======== Working data ========

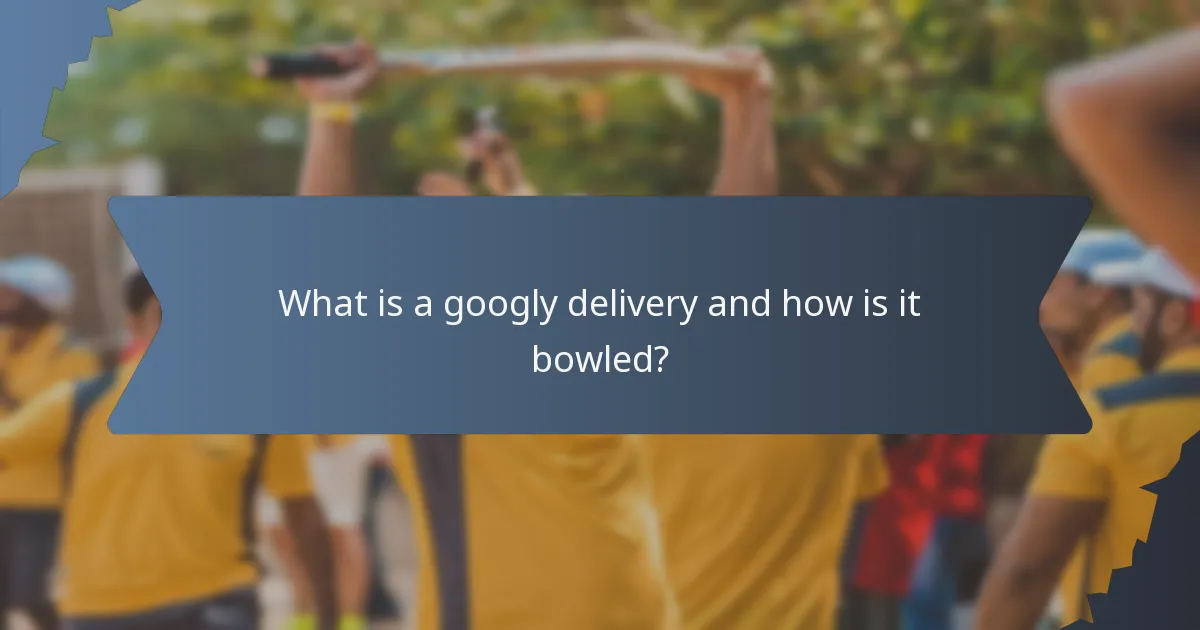 What is a googly delivery and how is it bowled?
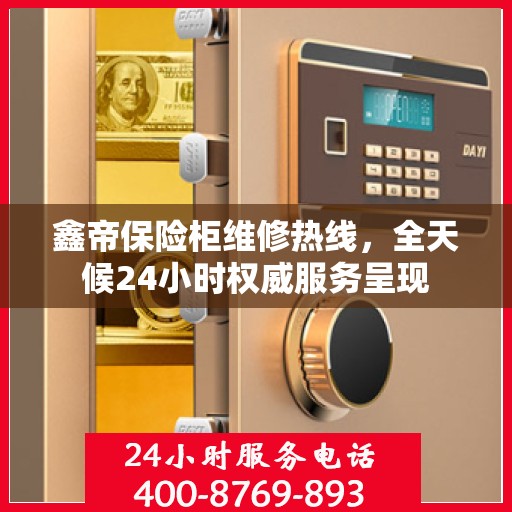 鑫帝保险柜维修热线，全天候24小时权威服务呈现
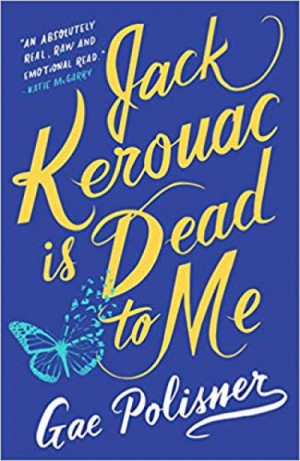 Jack Kerouac is Dead To Me — Gae Polisner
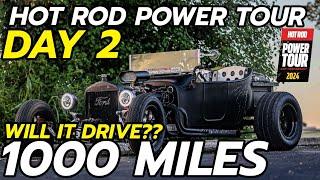 T Bucket Hot Rod Full Build - Hot Rod Power Tour 2024 DAY 2 Will it Run and Drive 1000 MILES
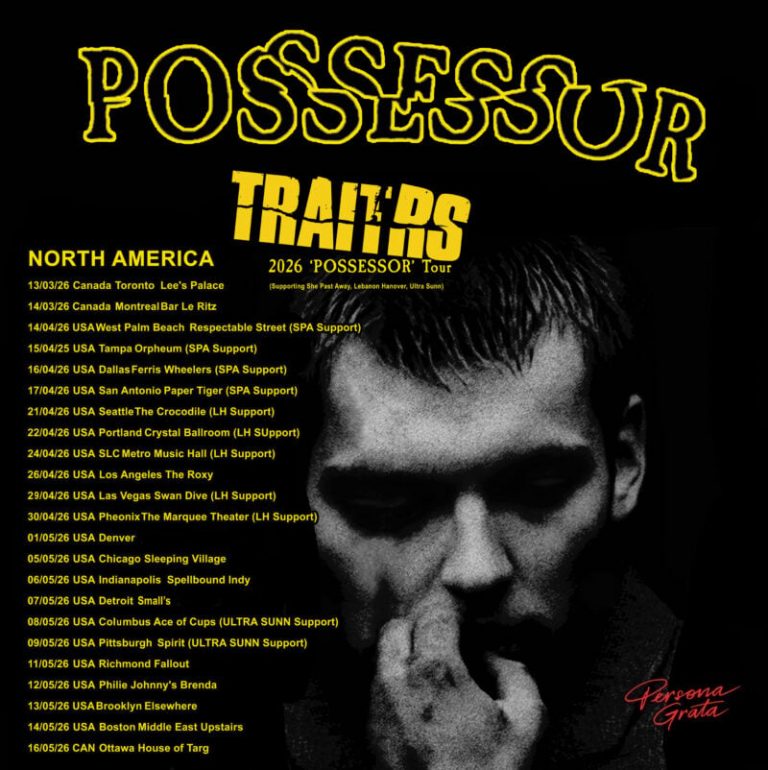 Toronto Post-Punk Duo TRAITRS Release New Single “I Was Ill, You Were Wrong” From Forthcoming Album “Possessor” — 2026 North American Tour Announced!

========

# [About this exercise]
Because the copy must hold no pictures, return only the lines that run from the line containing "T Bucket Hot" to the end of the data above, each exactly as it stands.

# [Answer section]
 T Bucket Hot Rod Full Build - Hot Rod Power Tour 2024 DAY 2 Will it Run and Drive 1000 MILES
 Toronto Post-Punk Duo TRAITRS Release New Single “I Was Ill, You Were Wrong” From Forthcoming Album “Possessor” — 2026 North American Tour Announced!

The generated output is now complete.